Data in this exercise |

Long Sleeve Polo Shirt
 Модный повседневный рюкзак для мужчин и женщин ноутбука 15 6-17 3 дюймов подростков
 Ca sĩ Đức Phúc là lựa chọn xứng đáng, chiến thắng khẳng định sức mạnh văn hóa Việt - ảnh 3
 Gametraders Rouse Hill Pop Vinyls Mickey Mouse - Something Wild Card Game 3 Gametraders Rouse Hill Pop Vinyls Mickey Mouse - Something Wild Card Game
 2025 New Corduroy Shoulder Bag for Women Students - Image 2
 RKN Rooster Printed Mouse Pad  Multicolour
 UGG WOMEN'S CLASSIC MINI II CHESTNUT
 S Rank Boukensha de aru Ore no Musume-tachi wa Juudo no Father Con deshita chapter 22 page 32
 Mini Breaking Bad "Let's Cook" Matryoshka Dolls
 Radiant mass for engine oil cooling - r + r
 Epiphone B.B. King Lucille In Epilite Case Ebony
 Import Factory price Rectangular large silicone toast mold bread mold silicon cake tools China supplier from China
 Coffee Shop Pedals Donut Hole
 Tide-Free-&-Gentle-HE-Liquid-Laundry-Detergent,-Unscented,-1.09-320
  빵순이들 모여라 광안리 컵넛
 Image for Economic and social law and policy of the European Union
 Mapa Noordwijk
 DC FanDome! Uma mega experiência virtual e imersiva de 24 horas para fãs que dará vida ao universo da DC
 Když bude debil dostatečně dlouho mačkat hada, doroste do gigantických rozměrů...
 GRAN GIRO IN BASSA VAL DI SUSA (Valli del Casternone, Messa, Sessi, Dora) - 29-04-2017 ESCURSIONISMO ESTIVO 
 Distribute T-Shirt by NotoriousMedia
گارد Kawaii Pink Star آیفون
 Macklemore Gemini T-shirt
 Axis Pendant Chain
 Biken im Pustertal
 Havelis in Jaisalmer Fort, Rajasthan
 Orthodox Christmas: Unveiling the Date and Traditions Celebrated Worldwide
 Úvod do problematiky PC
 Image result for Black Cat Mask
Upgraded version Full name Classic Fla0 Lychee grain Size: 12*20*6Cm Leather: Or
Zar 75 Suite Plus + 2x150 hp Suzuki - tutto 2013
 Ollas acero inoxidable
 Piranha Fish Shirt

To do | Exactly as written, please transcribe the lines from the start of the records above to the line that holds "Epiphone B.B. King", both ends included.

Written solution |
Long Sleeve Polo Shirt
 Модный повседневный рюкзак для мужчин и женщин ноутбука 15 6-17 3 дюймов подростков
 Ca sĩ Đức Phúc là lựa chọn xứng đáng, chiến thắng khẳng định sức mạnh văn hóa Việt - ảnh 3
 Gametraders Rouse Hill Pop Vinyls Mickey Mouse - Something Wild Card Game 3 Gametraders Rouse Hill Pop Vinyls Mickey Mouse - Something Wild Card Game
 2025 New Corduroy Shoulder Bag for Women Students - Image 2
 RKN Rooster Printed Mouse Pad  Multicolour
 UGG WOMEN'S CLASSIC MINI II CHESTNUT
 S Rank Boukensha de aru Ore no Musume-tachi wa Juudo no Father Con deshita chapter 22 page 32
 Mini Breaking Bad "Let's Cook" Matryoshka Dolls
 Radiant mass for engine oil cooling - r + r
 Epiphone B.B. King Lucille In Epilite Case Ebony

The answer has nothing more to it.